# taz.de -- Friedenspreis des deutschen Buchhandels: Frühzeitiger Warner
       
       > Der Osteuropahistoriker Karl Schlögel erhält verdientermaßen den
       > Buchhandelspreis. Niemand hierzulande kennt den postsowjetischen Raum so
       > gut wie er.
       
 (IMG) Bild: Karl Schlögel bei einer Lesung in Berlin 2019
       
       Chapeau! Karl Schlögel kann seiner langen Liste von Auszeichnungen eine
       weitere hinzufügen: Der renommierte Osteuropahistoriker wird mit dem
       [1][diesjährigen Friedenspreis des Deutschen Buchhandels] geehrt. Seit
       Dekaden erkundet Schlögel akribisch das Innenleben der Sowjetunion und ab
       1991 auch all jener Staaten, die aus ihr hervorgegangen sind. Er, der den
       heutigen postsowjetischen Raum aus eigener Anschauung so gut wie
       hierzulande kein Zweiter kennt, fand übrigens nichts dabei zu konstatieren,
       [2][in Bezug auf die Ukraine selbst lange einen blinden Fleck] gehabt zu
       haben. Mea culpa im besten Sinne! Derlei schonungslose Selbsterkenntnis
       wäre auch so manchen westlichen politischen Entscheidungsträger*innen
       zu wünschen.
       
       Sollten sie sich überhaupt jemals in Schlögels Werke vertieft haben, so
       haben sie diese entweder nicht ernstgenommen oder beschlossen, die Befunde
       des Wissenschaftlers schlichtweg zu ignorieren.
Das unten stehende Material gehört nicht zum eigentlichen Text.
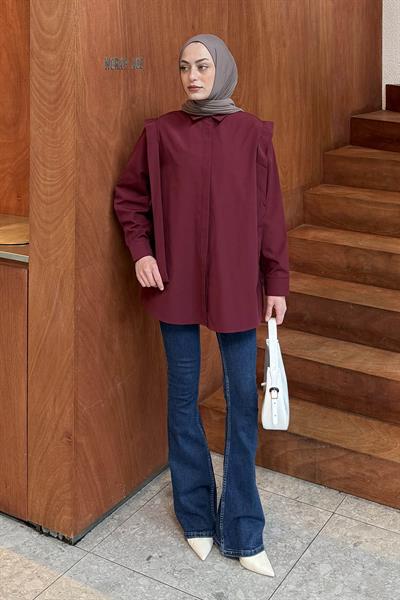 Omuz Vatka Detaylı Tesettür Gömlek Bordo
Seit Langem schon warnt
       Schlögel vor einer aggressiven Expansionspolitik von Russlands Präsident
       Wladimir Putin. Erinnert sei an den russisch-georgischen Krieg um die
       Region Südossetien im August 2008.
       
       Spätestens 2014, dem Jahr der völkerrechtswidrigen Annexion der Krim und
       dem offenen Ausbruch der fälschlicherweise als Bürgerkrieg bezeichneten
       Feindseligkeiten im Donbass, hätte man wissen können, wohin die Reise in
       der Ukraine geht. Doch da glaubten immer noch einige Politiker*innen
       fest daran, mit den Minsker Abkommen den Konflikt einhegen und befrieden zu
       können.
       
       Das sind übrigens teilweise dieselben Leute, die heutzutage unverdrossen
       Friedensverhandlungen mit Moskau das Wort reden und alle Waffenlieferungen
       an Kyjiw, [3][anders als Schlögel es fordert,] schon gestern eingestellt
       hätten. Dabei kann es an den Kriegszielen Moskaus wahrlich keine Zweifel
       mehr geben. So wie es aussieht, wird Schlögel auch weiter seine warnende
       und mahnende Stimme erheben – gut so. Nur müssten wir dann auch hinhören,
       es lohnt sich. Und zu spät ist es dafür nie.